The required output holds only the lines from the one containing "s.Oliver BLACK LABEL" through the end of the material below, copied exactly, please, with no pictures.

Content starts

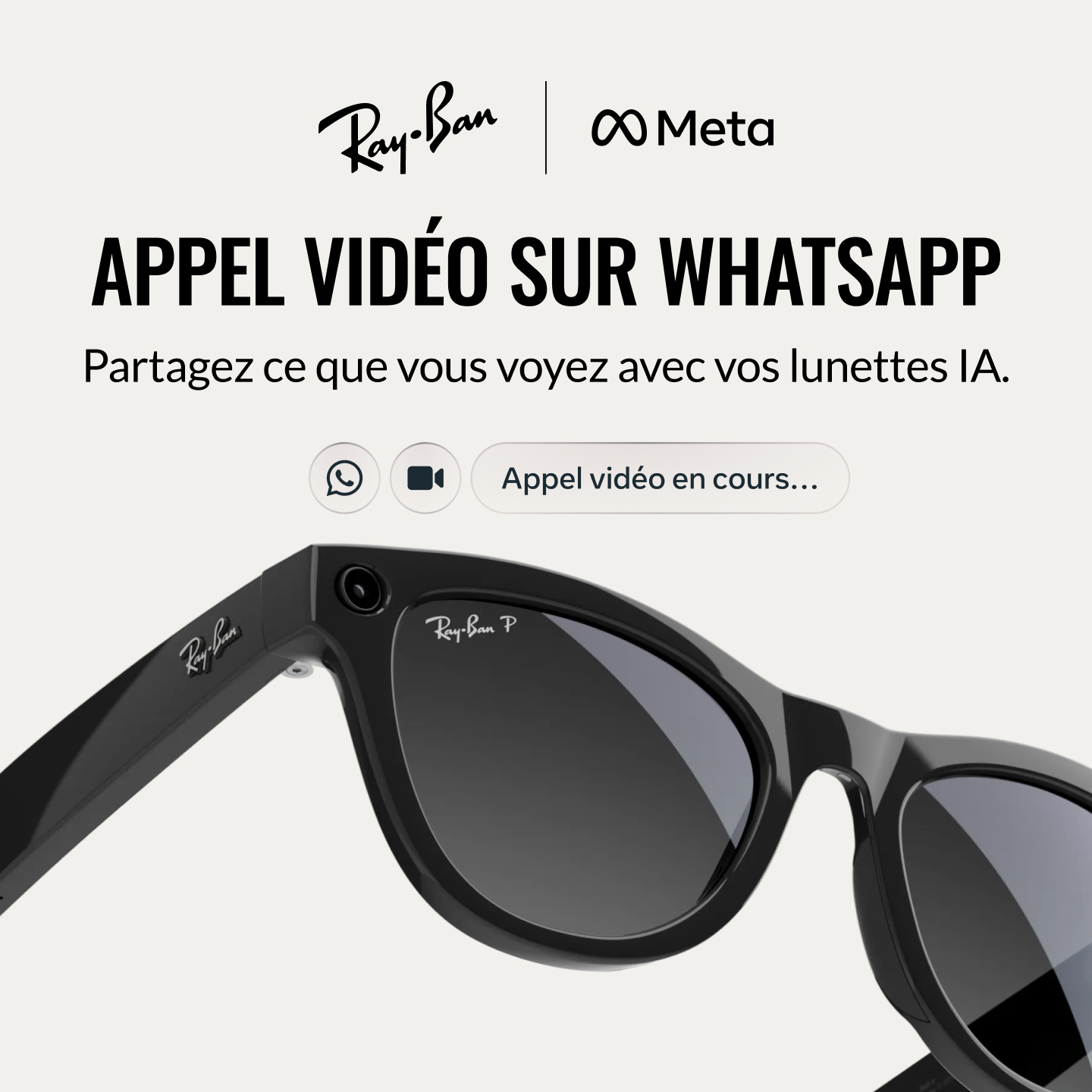 Ray-Ban Meta Facebook ad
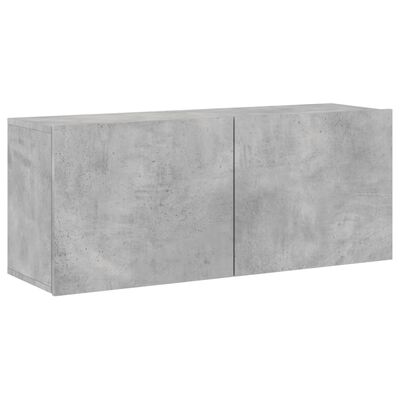 vidaXL TV Cabinet Wall-mounted Concrete Grey 100x30x41 cm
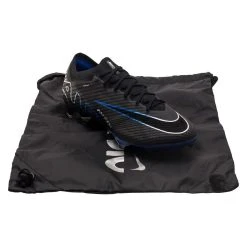 Nike Air Zoom Mercurial Vapor 15 Elite FG Shadow - Black/Chrome/Hyper Royal -football e2b3ea7a93fa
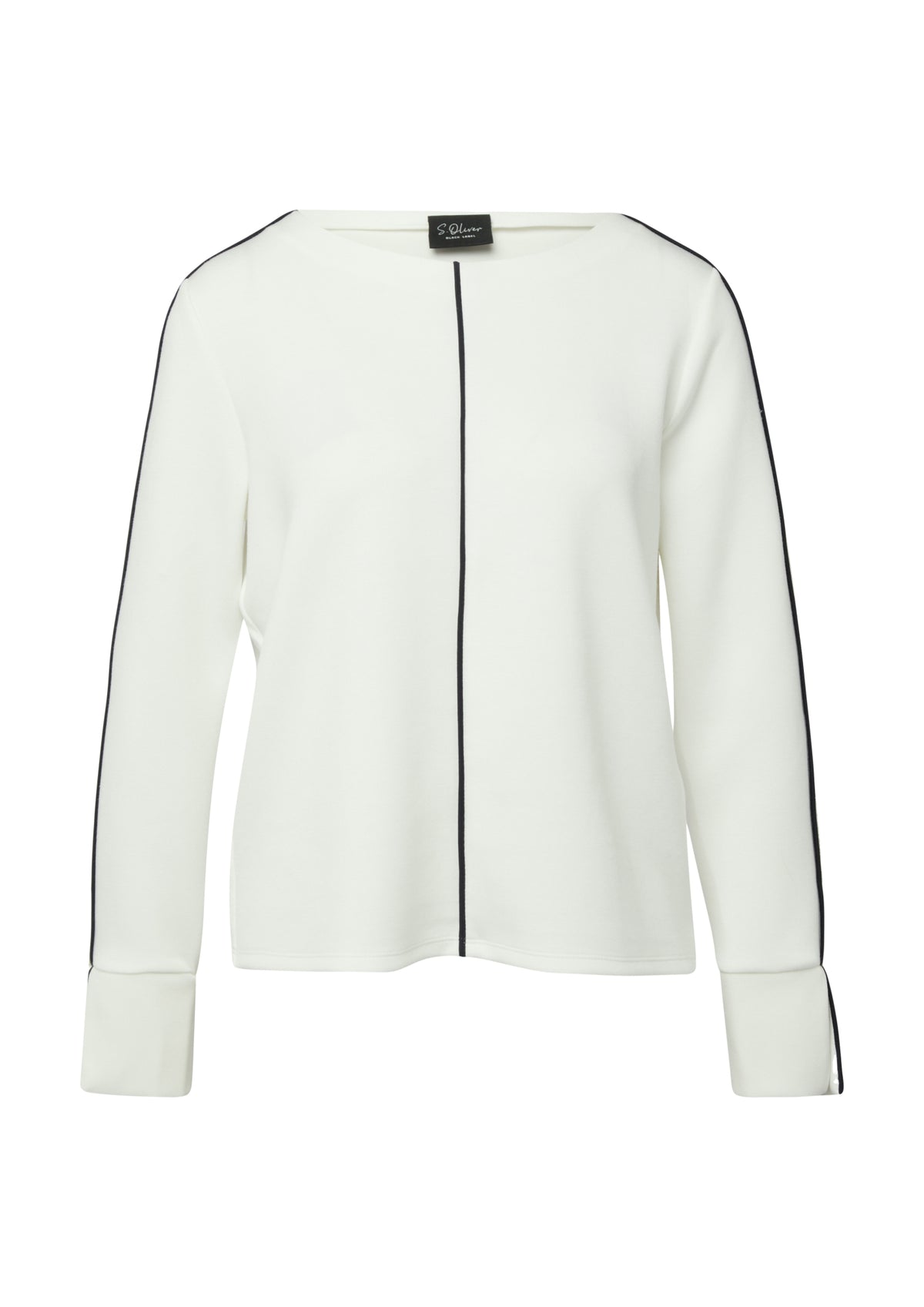 s.Oliver BLACK LABEL Sweatjacken  creme
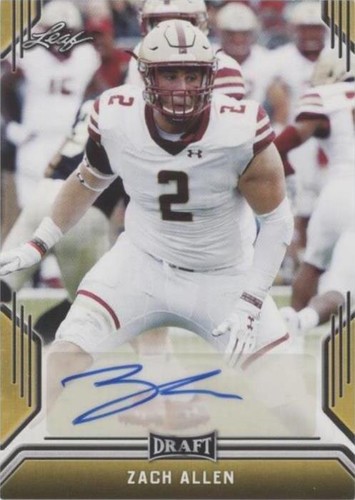 2019 Leaf Draft Zach Allen #BA-ZA1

Content ends

Solution below
 s.Oliver BLACK LABEL Sweatjacken  creme
 2019 Leaf Draft Zach Allen #BA-ZA1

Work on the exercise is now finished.